[BreachExchange] Anthem to data breach victims: Maybe the damages are your own darned fault

[Richard Forno]

Trusted Third Party
By Tim Greene, Senior Editor, Network World | Apr 10, 2017 10:24 AM PT

Anthem to data breach victims: Maybe the damages are your own darned fault

http://www.networkworld.com/article/3187522/security/anthem-to-data-breach-victims-maybe-the-damages-are-your-own-darned-fault.html

Insurance giant Anthem has effectively scared off possible victims of a 2015 data breach by asking to examine their personal computers for evidence that their own shoddy security was to blame for their information falling into the hands of criminals.

Some of the affected Anthem customers sued for damages they say resulted from the breach but then withdrew their suits after Anthem got a court order allowing the exams.

The examiners would be looking only for evidence that their credentials or other personal data had been stolen even before the Anthem hack ever took place, according to a blog by Chad Mandell, an attorney at LeClairRyan.

“If that proved to be true, it would call into question whether the plaintiffs’ alleged injuries had truly been caused by the Anthem hack,” he writes. In other words,they failed to properly secure their personal devices, so the damages they suffered might have been their own fault, not Anthem’s.

After the forensic exams were ordered, several of those who filed suit asked the judge to drop  their complaints, either because they suspected Anthem would find evidence the data was lost before the breach or because they didn’t want to submit to having their PCs snooped. Or perhaps they just didn’t want the inconvenience of giving up use of their machines for the duration of the search.

Regardless, it proved an effective legal strategy for Anthem. If just a few of those who sue walk away, it still means fewer possible payouts.

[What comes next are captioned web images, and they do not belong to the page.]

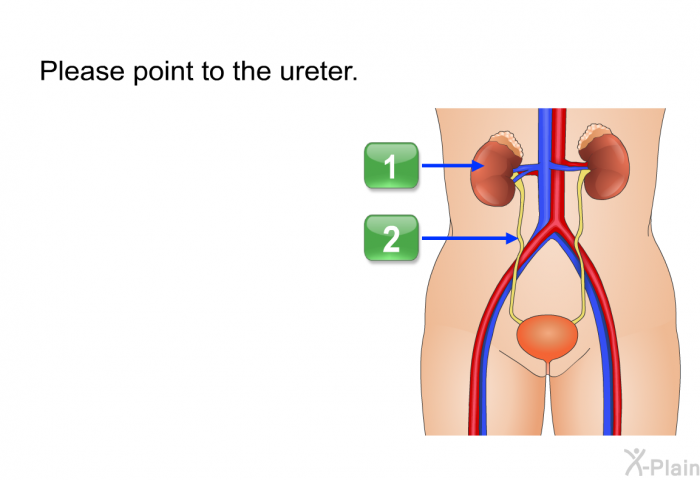 Please point to the ureter.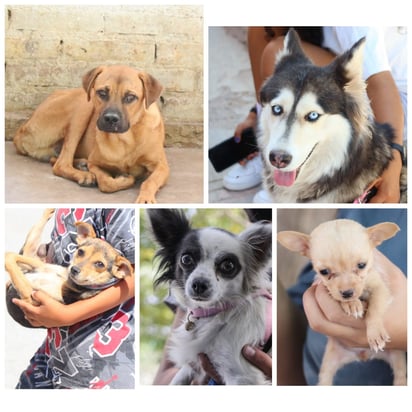 El interesado en adoptar un can recibe asesoría sobre los cuidados que debe tener. (EL SIGLO DE TORREÓN)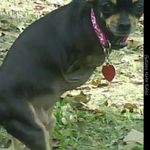 Wilma Applegate - @wilma.applegate.5 - Instagram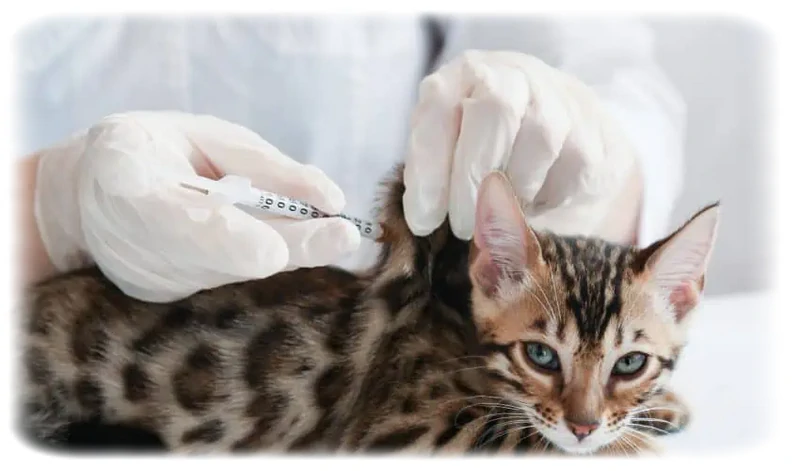 Kedi Sağlık Rehberi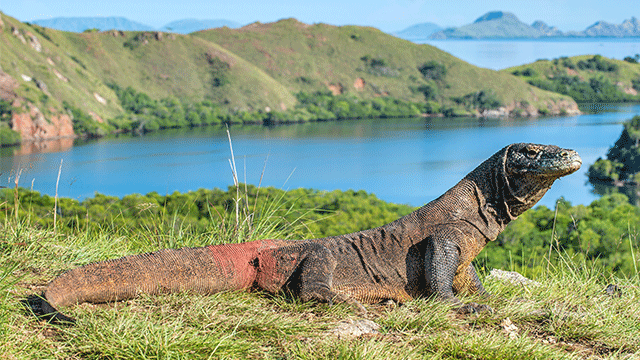 Detail Gambar Biawak Terbesar Di Dunia Nomer 39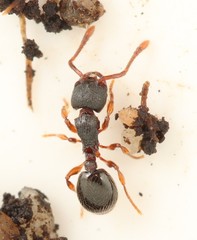 Myrmecina graminicola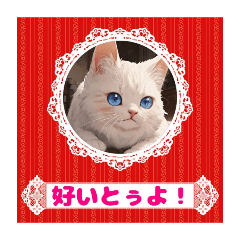 [LINEスタンプ] 猫の博多弁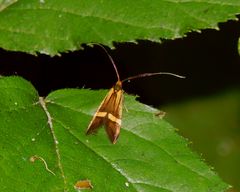 Meine erste Gebänderte Langhornmotte (Nemophora degeerella)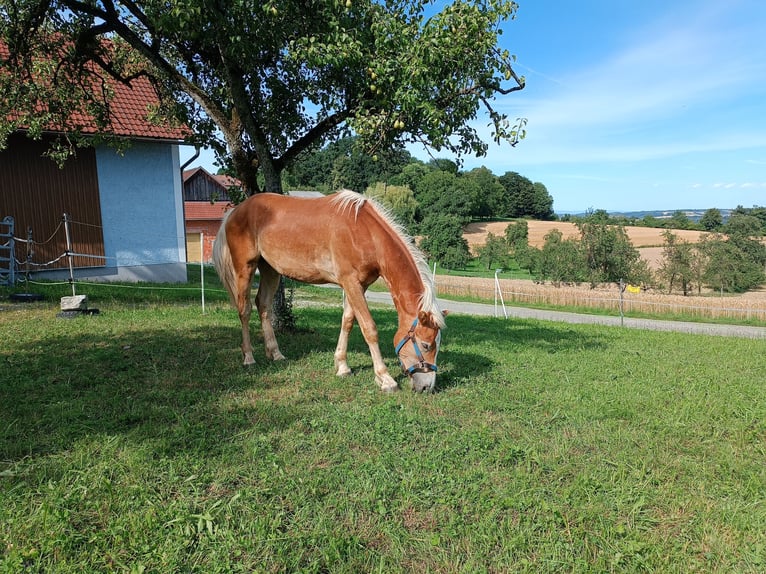 Hafliger Wałach 1 Rok Ciemnokasztanowata in Steyr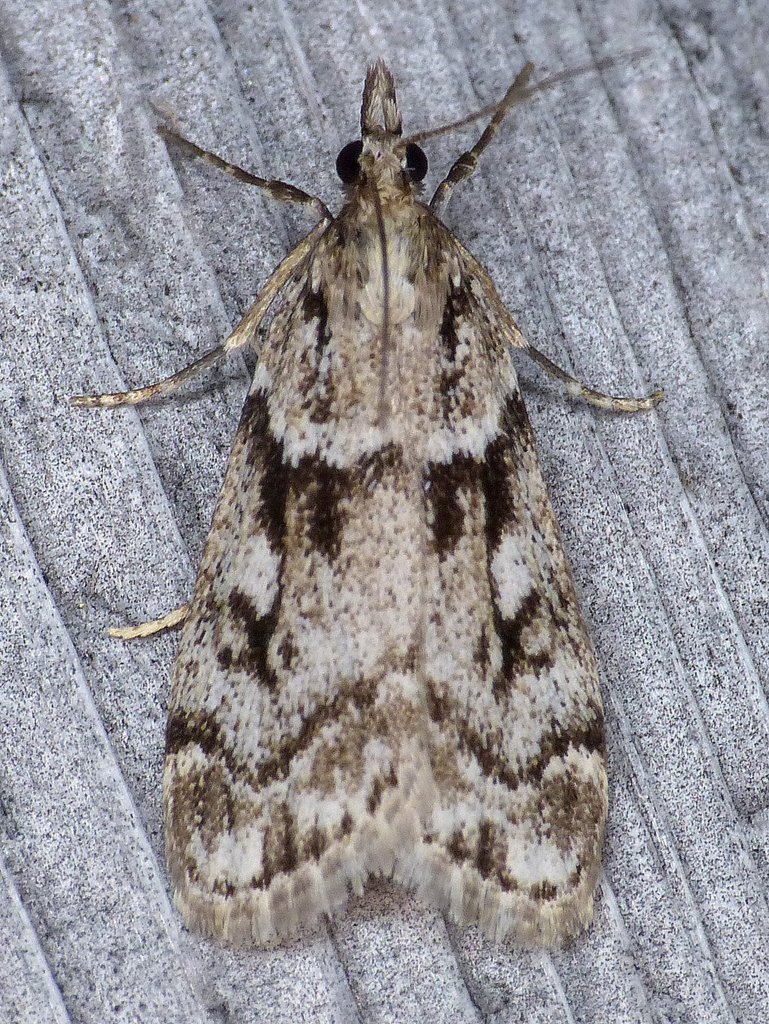 Eudonia vivida from Cormierville, Kent County, NB, Canada on July 21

And it points out how difficult it is to prove that personal data used by criminals was stolen in a particular breach. Yes, the victim’s information was exploited, but how it got into the hands of the criminals is not so easily determined.

It might be argued that seeking forensic analysis of victim’s computers could help set a lower bar for corporate security. Why should a company offer stronger protection for their customers than the customers provide for themselves? Given that not all customers practice poor cyber defense of their own computers, that argument probably won’t fly.

But as Mandell notes, those customers who demanded perfect security from Anthem might have been asking too much. “As a result, one has to wonder whether they had reasonable expectations regarding their personal privacy to begin with,” he writes. “In suing Anthem, were they seeking to hold the company to an almost impossible standard?”